Je crois que cette réunion était très utile et passionnante, très intéressante, comme Frank vient de le dire et Witold vient de le rappeler. C'était intéressant de regarder quelques instants vers le passé, mais sans nous y attarder. C'est vrai que la première réunion, c'était au temps de la chute des régimes totalitaires, c'était au temps de la libération de l'Europe. À l'époque, certains pensaient que c'était la fin de l'Histoire et en concluaient que les menaces, notamment les risques de guerre, devenaient de plus en plus improbables et que nous nous dirigions tranquillement sur un chemin de liberté et de paix.
Aujourd'hui, force est de constater que l'Europe subit de nouvelles menaces dans son voisinage immédiat. D'abord, bien sûr au Moyen-Orient, en Syrie en particulier, mais aussi à l'est, à l'est de l'Ukraine. Il y a la Libye, l'Irak, la menace terroriste, et puis elle fait face à un afflux sans précédent de réfugiés dans l'histoire de l'Europe. Donc cette analyse optimiste est aujourd'hui contredite. Le spectacle des désordres du monde rend encore plus saisissant le chemin qui a été parcouru depuis 25 ans, parce qu'à l'époque, les défis étaient immenses et ces défis, malgré les difficultés, ont été relevés.

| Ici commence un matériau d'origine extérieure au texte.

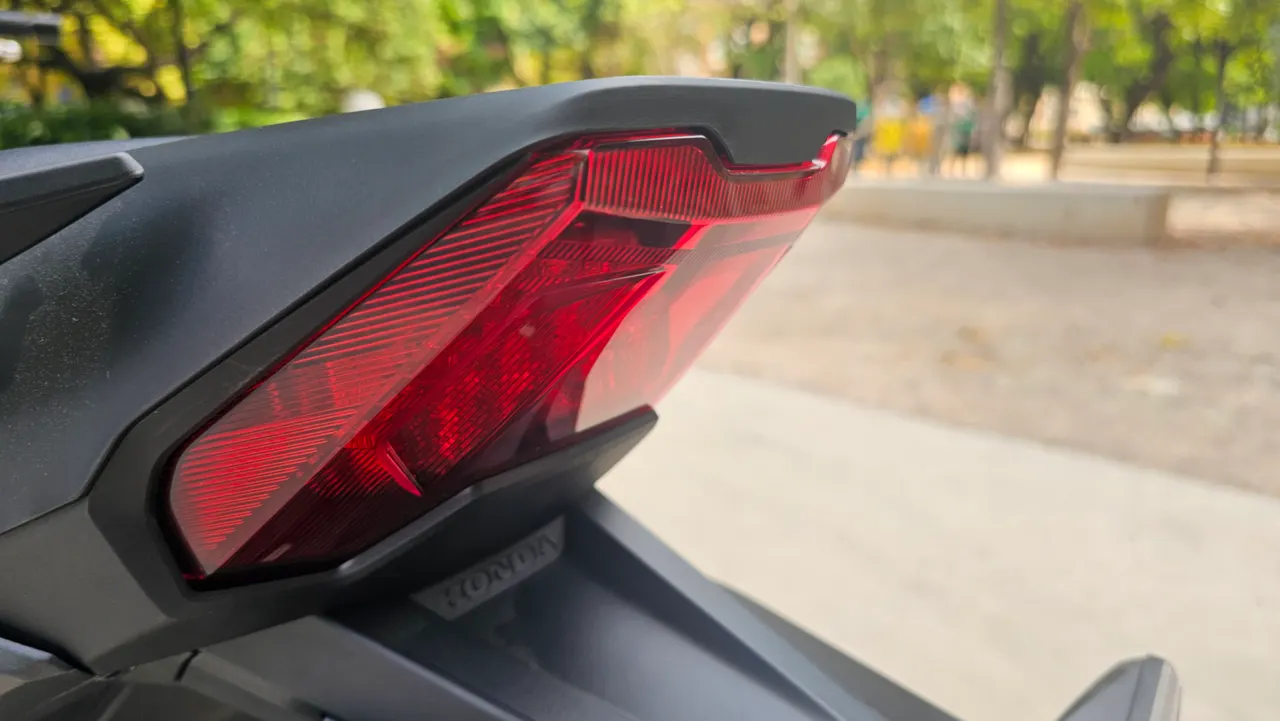Piloto trasero de moto Honda Forza 750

L'Europe est aujourd'hui un espace de paix, à l'échelle du monde, un espace de prospérité, sans équivalent. Nous devons en être totalement conscients et cela nous le devons à ceux qui nous ont précédés ici à Weimar, comme à tous ceux qui au cours des 60 dernières années, se sont engagés pour la construction européenne. Je voudrais, en cet instant, avoir une pensée pour Walter Scheel, qui nous a quittés il y a quelques jours et qui, avec Willy Brandt, a tant contribué à cette ouverture à l'Est, cette fameuse Ostpolitik qui a tant permis de faire progresser la situation. Cette situation, nous la devons aussi à ceux qui ont fait le choix de la réconciliation, réconciliation franco-allemande, réconciliation germano-polonaise, réconciliation de toute l'Europe. Nous la devons aussi à ceux qui ont contribué au fil des ans à construire, comme le dit la déclaration du 29 août 1991, donc il y a 25 ans, une nouvelle Europe dans un esprit de solidarité et avec le sentiment d'appartenir à une communauté de destin. Face aux crises auxquelles l'Union européenne doit faire face, c'est cet esprit qui nous permettra de continuer de progresser ensemble. C'est la raison pour laquelle, j'ai la conviction que notre travail aujourd'hui, dans ce format du triangle de Weimar, non seulement est utile, mais nécessaire. Je crois qu'il faut en effet faire vivre l'esprit de Weimar et le faire partager par toute l'Europe et nous sommes déterminés à continuer de nous réunir. Je remercie Witold de nous avoir proposé des réunions, notamment dans le cercle de Visegrad puisque c'est aujourd'hui la Pologne qui le préside. Bien sûr, nous avons nos différences, mais nous partageons une même conviction, c'est que nos pays ont une responsabilité commune pour construire les réponses qu'attendent les Européens.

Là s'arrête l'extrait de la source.